Director of National Intelligence James Clapper, during a hearing held earlier this year, told Congress: “We’re not Sherwin-Williams paint. We don’t cover the earth equally.”
The exchange confirmed HCN’s position that slogans matter — a case we made in this space back in 2009. Among the notable slogans highlighted here were those of Sherwin-Williams (Cover the Earth), McCoy’s Building Supply (Go Build Something) and Lowe’s (Let’s Build Something Together).
Last month, Lowe’s introduced a new slogan that might work well in the National Intelligence apparatus, and certainly works in the home improvement industry: “Never Stop Improving.”
In my opinion, we should write a thank you card to Tom Lamb, senior VP marketing and advertising for Lowe’s.
For one thing, Lowe’s new campaign — it launched Sept. 19 — spreads the message for continuous home improvement to a mass consumer audience. If you sell home improvement products for a living, you gotta like this effort.
But imagine if Lamb’s team created a television commercial, or series of commercials, that complements the message, and shows home improvement spending in a warm, engaging and emotional light? That’s exactly what Lowe’s has done.
And, in my opinion, they’re a nice improvement over previous Lowe’s TV commercials. It may sound like a sacrilege to the big blue’s competitors, but if you want to do a little something to boost the home improvement industry, put the link to the YouTube video on your Facebook page. Or tweet it. We did.
Of course, Lowe’s isn’t the only company that deserves praise for its commercials. Ace’s weekend-themed commercials are extremely engaging. And Home Depot has for years lifted itself by raising the banner of home improvement on TV.
For Lowe’s, the message works on multiple levels, according to Lamb.
“ ‘Never Stop Improving’ is not just a tagline — it reflects our customer’s mind-set about their homes and their lives,” he said. Watching the commercials, consumers have felt “motivated,” “inspired,” “confident” and “energized.”
But more than that, Lamb said, the campaign is a “brand promise and our rallying cry for employees as we bring a continual stream of innovations to market over the next several years, like MyLowes.” MyLowes will soon be an online tool for consumers to manage their home products. It’s expected to launch next month.
The new Lowe’s campaign hits the air as the company’s comp-store performance trails its chief rival Home Depot. It comes at a time of unprecedented economic uncertainty. It comes as Wall Street is looking for signs from Mooresville, N.C., that the second largest home improvement retailer can extract results from its initiatives.
The “Never Stop Improving” campaign is a good start.
There is no monopoly on improvement.
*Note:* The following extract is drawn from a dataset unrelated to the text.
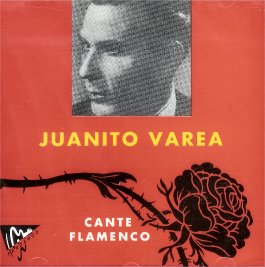 Juanito Varea -  Cante Flamenco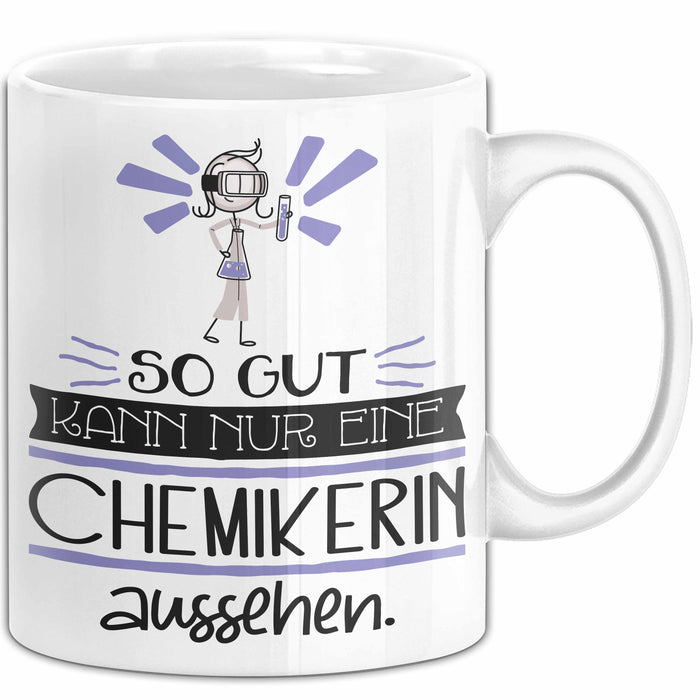 Chemikerin Geschenk Tasse So Gut Kann Nur Eine Chemikerin Aussehen Geschenkidee Geburtstag Weihnachten Lustig Weiß Trendation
In this current issue, Fort Wayne, Ind.-based Do it Best Corp. — a company whose very name is a demanding slogan for improvement — shared some of its growth initiatives and some of its high-performing retailers as examples of “extreme growth.” And Mark Baker talks about improvements to the 80-year-old Orchard Supply Hardware.
“Never Stop Improving” is a mind-set that some of the best operators bring to their stores. It’s not a matter of national security. But it’s definitely serious business.